I'd like to establish this node as a repository for urban legends dealing with and propagated by people in the military. If a friend or family member who was (or is) in any branch of the military ever told you an hilarious anecdote that was based on more brilliance, irony, or humor than you believed that person to be capable of, then chances are they were just passing on one of these urban legends.

I'll lead off with a couple that I know about.

Stealing Firing Pins from Air Force Security
Almost everyone in the US military (save for the actual Air Force Security guys themselves) thinks that these guys are idiots. Or so it would seem by how many times I've heard this story. The basic premise is to accuse the security guys of being half witted guys who shove their guns in other people's faces indiscriminately, and who like to lounge on the job. The tales usually involve a few short claims of harassment from these guys to explain the motive, followed by the claim that the storyteller opened up one of their M-16s and removed its firing pin when they found the security guy napping on the job.

Filing Fly Paper Reports to Headquarters
To demonstrate (and ridicule) the grotesque bureaucracy of the US military, this urban legend describes one clever guy who played a trick on the clerks back at HQ. Using one of the many reports he was required to send in periodically as a template, he invented his own fictitious report form for reporting how many dead flies were found each week on the fly paper strips in his facility. He made up some random name/number for the form, and started mailing the reports into HQ. Several weeks or months later, he heard from his buddies at other facilities that the dumb clerks at HQ had no idea his reports were bogus, and they started asking people at all of the other facilities why they were neglecting to file similar reports.

A common Israeli army urban legend -- the addition of saltpeter, drinking soda or bromide to the soldiers' food, supposedly to decrease their sexual drive, so that their minds would be occupied with the right things. Many people firmly believe this is done - and it might really work as a placebo pill for them.

This legend was covered by the Israeli movie Sababa (1983; a chapter of the Lemon Popsicle series), where one of the soldiers, who worked as the cook, was instructed to add extra "soda" (meaning saltpeter or drinking soda?) to the meals that day, since the blonde Swedish ambassador who arrived for a visit was too much on the soldiers' minds. Rather than decreasing the sexual drive, the soda was supposed to temporarily render the guys sexually impotent.
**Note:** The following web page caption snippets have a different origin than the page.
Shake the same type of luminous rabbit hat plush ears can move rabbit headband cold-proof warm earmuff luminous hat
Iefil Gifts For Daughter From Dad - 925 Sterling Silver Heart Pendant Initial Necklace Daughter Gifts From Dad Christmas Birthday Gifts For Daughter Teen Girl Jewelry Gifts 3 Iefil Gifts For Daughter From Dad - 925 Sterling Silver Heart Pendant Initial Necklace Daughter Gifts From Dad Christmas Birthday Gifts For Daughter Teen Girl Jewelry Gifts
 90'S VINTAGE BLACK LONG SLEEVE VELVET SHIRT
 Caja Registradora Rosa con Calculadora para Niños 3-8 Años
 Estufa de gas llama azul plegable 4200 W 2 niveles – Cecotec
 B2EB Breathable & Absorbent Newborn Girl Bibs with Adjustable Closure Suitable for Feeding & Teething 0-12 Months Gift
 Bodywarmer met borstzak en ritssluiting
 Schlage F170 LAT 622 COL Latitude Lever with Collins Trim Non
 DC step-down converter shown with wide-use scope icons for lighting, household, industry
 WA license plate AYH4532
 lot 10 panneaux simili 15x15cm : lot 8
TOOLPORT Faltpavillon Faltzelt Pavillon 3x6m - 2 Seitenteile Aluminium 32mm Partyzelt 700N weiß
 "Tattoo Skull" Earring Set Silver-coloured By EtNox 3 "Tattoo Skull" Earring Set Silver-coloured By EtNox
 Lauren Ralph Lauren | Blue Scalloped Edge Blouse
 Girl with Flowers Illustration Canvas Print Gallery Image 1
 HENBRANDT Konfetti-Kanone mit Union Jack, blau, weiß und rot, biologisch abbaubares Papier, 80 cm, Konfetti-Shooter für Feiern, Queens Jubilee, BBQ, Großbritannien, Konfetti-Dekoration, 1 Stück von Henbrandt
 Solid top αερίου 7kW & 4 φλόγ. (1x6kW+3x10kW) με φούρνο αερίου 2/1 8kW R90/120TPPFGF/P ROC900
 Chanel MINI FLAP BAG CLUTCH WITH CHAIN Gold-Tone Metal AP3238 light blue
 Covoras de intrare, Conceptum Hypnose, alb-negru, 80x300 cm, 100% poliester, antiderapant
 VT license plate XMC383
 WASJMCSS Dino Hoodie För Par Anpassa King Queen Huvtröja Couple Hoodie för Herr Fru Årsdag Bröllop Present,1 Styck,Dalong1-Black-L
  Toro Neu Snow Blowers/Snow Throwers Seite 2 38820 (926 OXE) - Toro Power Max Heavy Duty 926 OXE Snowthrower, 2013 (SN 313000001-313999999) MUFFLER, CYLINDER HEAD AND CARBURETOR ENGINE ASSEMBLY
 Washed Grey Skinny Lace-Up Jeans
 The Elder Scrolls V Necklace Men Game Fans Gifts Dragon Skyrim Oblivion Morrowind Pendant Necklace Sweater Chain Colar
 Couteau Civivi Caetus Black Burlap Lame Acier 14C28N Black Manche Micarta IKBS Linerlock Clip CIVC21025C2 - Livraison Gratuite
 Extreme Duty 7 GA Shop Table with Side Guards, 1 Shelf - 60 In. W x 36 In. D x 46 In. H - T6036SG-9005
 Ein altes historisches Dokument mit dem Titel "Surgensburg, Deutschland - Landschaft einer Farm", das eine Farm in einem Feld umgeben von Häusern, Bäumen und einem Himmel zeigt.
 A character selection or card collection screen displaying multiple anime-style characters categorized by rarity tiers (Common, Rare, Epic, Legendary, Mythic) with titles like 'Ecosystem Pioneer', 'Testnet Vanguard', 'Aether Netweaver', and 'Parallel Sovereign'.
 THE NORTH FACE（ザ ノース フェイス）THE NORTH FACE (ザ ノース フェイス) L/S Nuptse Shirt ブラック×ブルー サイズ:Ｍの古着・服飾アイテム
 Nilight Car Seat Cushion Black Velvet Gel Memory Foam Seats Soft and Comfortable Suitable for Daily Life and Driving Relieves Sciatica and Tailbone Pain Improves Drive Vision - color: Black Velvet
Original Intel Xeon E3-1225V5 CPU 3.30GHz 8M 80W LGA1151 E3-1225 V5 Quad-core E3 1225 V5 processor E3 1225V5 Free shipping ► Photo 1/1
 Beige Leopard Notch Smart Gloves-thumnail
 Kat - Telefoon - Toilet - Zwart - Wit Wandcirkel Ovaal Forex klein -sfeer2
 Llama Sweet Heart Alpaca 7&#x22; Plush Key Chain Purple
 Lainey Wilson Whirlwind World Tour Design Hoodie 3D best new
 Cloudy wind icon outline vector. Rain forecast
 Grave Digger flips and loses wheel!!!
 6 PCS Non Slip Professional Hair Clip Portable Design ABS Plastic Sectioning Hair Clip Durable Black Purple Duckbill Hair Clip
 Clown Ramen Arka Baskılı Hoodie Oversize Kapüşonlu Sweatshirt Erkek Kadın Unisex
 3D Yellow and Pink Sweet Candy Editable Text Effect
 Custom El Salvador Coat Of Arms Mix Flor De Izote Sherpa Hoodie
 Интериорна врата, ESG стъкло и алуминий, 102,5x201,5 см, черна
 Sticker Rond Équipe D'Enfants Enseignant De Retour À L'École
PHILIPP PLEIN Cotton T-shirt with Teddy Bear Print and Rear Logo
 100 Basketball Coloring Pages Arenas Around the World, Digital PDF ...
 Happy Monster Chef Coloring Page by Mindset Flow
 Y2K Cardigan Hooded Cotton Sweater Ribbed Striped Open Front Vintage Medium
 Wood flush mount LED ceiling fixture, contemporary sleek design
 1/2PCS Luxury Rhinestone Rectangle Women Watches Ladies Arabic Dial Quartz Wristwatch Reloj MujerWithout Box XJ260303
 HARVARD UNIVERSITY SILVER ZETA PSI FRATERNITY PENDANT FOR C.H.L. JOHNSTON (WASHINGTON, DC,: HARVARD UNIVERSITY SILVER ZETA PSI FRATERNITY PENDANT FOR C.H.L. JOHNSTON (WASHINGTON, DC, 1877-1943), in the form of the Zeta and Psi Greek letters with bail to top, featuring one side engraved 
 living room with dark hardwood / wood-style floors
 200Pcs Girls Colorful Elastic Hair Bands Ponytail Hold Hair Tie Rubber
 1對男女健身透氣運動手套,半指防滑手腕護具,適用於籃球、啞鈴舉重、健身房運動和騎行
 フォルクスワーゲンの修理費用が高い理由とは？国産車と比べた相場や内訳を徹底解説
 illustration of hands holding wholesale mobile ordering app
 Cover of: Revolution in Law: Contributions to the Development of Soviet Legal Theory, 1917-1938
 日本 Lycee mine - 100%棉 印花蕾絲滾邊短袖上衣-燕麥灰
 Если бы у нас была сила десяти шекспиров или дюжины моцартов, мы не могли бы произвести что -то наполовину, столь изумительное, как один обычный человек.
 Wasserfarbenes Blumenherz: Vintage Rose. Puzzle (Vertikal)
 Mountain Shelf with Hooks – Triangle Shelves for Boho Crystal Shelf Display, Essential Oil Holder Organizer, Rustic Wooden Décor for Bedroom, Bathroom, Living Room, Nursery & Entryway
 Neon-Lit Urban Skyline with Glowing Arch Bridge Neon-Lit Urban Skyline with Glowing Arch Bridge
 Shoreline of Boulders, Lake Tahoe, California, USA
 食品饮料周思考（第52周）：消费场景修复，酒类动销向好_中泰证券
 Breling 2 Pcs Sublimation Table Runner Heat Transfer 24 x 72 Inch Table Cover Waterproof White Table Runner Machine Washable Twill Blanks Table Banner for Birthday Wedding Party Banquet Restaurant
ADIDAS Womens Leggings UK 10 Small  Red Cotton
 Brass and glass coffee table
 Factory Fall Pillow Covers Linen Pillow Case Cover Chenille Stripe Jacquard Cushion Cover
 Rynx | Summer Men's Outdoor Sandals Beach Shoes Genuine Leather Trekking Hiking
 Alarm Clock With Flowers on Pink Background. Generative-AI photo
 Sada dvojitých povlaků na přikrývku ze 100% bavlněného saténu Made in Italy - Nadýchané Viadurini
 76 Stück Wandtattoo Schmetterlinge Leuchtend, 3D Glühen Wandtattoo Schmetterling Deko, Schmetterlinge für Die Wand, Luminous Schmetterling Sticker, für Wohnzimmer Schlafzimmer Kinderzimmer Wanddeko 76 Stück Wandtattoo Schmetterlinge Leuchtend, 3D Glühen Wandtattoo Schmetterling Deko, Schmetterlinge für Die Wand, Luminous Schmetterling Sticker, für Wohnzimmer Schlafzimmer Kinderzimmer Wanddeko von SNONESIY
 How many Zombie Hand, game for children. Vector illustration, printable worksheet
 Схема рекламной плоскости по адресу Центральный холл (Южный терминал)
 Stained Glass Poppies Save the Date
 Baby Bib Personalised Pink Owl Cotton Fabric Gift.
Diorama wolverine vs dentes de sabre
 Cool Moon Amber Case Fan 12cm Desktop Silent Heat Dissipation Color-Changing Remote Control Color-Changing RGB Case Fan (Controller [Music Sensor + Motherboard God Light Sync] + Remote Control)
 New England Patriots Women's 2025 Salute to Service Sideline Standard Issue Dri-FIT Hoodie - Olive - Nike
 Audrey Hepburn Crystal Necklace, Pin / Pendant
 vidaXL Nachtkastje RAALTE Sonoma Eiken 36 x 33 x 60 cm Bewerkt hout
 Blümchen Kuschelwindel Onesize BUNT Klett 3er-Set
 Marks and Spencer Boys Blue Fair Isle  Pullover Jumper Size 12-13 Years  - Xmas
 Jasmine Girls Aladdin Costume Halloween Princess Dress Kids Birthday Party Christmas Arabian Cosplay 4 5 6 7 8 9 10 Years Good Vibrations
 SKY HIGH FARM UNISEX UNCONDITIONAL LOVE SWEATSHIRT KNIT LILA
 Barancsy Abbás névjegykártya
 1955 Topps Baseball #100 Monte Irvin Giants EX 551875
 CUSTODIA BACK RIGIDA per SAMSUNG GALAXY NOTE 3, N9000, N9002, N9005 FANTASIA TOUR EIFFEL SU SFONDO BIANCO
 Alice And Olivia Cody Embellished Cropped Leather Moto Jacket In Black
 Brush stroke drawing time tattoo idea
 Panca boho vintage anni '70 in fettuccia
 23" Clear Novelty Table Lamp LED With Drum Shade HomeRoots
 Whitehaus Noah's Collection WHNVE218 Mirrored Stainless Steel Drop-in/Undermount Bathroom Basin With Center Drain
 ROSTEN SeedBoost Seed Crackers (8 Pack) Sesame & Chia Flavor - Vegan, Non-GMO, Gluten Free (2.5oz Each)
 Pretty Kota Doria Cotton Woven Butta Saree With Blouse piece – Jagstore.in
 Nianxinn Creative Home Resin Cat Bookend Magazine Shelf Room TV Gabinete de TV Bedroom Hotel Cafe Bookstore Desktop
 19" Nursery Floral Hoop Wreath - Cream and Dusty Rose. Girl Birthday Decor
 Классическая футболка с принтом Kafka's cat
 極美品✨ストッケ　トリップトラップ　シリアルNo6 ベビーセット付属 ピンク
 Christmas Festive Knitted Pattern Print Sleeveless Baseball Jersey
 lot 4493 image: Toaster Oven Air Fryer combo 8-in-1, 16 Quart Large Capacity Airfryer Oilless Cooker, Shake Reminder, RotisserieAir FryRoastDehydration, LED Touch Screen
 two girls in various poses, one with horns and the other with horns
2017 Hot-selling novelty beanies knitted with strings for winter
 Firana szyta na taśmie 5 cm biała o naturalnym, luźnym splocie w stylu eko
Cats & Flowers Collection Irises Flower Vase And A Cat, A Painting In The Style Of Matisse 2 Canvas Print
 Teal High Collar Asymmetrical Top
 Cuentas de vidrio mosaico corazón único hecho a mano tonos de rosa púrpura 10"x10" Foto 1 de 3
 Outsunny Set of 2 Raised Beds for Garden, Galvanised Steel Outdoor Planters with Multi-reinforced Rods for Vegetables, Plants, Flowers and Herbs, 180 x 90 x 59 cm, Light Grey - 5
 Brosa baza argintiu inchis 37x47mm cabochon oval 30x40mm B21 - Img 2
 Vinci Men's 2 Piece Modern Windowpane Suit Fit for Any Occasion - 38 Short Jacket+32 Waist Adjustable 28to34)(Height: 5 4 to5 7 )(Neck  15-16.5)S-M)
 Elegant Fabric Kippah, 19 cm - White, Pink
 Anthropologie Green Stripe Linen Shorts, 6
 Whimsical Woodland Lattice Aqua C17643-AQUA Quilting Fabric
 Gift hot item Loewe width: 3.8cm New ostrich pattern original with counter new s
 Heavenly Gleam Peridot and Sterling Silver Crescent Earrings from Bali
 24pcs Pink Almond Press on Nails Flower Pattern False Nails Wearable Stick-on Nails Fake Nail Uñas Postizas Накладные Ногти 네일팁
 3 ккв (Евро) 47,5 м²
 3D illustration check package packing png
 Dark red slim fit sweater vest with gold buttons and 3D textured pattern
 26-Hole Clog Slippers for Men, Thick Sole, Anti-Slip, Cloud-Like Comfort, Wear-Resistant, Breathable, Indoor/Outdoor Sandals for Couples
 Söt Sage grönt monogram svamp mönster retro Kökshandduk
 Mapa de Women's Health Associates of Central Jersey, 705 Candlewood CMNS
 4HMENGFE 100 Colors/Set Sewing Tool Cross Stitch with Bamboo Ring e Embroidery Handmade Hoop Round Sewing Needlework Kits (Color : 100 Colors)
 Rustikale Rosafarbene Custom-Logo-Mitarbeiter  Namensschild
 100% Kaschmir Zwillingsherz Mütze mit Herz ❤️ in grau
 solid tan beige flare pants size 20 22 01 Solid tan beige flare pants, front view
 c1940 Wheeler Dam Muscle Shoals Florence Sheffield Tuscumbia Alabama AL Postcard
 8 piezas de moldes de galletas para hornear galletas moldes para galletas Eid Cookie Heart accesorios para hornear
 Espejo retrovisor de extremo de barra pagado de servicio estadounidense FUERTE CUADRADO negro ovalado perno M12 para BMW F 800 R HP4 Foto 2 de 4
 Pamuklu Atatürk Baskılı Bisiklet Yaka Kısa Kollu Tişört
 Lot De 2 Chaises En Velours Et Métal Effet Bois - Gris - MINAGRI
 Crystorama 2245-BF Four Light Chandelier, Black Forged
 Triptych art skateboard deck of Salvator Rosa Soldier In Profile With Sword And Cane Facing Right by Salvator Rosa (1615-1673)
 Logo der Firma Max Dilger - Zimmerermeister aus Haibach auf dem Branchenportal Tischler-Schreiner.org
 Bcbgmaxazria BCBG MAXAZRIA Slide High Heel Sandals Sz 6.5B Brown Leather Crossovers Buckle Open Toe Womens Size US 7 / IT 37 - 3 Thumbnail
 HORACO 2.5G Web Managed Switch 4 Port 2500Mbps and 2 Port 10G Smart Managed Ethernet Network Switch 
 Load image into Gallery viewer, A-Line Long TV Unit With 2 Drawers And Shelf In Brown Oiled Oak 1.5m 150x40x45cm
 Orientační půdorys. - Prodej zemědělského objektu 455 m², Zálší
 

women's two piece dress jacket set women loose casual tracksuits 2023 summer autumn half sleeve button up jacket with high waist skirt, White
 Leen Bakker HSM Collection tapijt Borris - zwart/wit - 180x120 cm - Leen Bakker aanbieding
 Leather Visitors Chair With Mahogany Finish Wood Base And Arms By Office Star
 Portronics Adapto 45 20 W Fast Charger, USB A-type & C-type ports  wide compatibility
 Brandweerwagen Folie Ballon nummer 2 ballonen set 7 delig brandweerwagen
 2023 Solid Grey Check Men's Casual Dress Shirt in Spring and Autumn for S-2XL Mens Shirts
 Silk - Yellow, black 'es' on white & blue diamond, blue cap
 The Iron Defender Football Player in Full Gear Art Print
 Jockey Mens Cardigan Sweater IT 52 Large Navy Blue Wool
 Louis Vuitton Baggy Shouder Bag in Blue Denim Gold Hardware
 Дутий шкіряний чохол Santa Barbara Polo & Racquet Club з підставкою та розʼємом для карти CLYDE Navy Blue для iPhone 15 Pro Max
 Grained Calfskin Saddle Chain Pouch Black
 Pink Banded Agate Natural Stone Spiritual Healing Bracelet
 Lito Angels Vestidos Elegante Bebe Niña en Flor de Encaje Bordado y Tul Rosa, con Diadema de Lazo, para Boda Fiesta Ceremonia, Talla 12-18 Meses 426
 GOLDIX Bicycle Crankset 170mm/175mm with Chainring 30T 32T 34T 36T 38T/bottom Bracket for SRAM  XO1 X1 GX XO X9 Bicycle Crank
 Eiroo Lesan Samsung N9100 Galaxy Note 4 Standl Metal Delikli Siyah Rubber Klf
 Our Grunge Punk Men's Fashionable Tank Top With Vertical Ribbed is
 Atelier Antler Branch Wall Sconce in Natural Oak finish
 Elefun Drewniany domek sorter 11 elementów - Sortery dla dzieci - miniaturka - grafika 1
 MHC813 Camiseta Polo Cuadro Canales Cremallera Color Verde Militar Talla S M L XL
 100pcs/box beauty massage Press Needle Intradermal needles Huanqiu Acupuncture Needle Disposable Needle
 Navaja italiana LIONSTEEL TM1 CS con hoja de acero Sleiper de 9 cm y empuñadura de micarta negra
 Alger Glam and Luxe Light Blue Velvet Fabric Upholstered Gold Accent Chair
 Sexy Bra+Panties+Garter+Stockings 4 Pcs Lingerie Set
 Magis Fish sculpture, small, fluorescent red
Since then, the legend hasn't lost any of its relevance and is happily told from one generation of recruits to the next. So far I haven't found any reliable evidence of such effects induced by any of those substances, much less about the IDF employing them.


P.S. In my basic training, some guys kept claiming "they" are adding something to our food, blaming the lack of morning erection on it. I think it was simply caused by the increased mental pressure one's undergoing in basic training.

P.P.S. According to Apatrix, this same urban legend is widespread in the Greek Armed Forces too.

A very popular urban legend in the military is that new basic training recruits carry "time out" cards. If the pressure gets to be a bit much, or the instructor is yelling too loud, the recruit can simply call a time out and take a moment to recuperate.

One of the reasons this urban legend is so popular is it allows both the teller and the audience to feel superior - they survived real basic training, back in the good old days when people were tougher. Afterwards, everyone (even the 19 year old who graduated basic training only a year ago) can shake their heads in dismay at today's youth.

A supposed tale from many moons ago, was that during an inspection, the RSM jabs his pace stick into the chest of one soldier.

"There's a shit at the end of this stick, Private."

"Yes sir, not at this end sir".

Said soldier is then promptly marched to jail with much shouting.

As they say, legends are often based on facts, and maybe there was once a young squaddie whose balls were bigger than his brain, but this story is re-told so frequently, I doubt we'll ever know the truth. Still, like all good Military Legends, it lives on.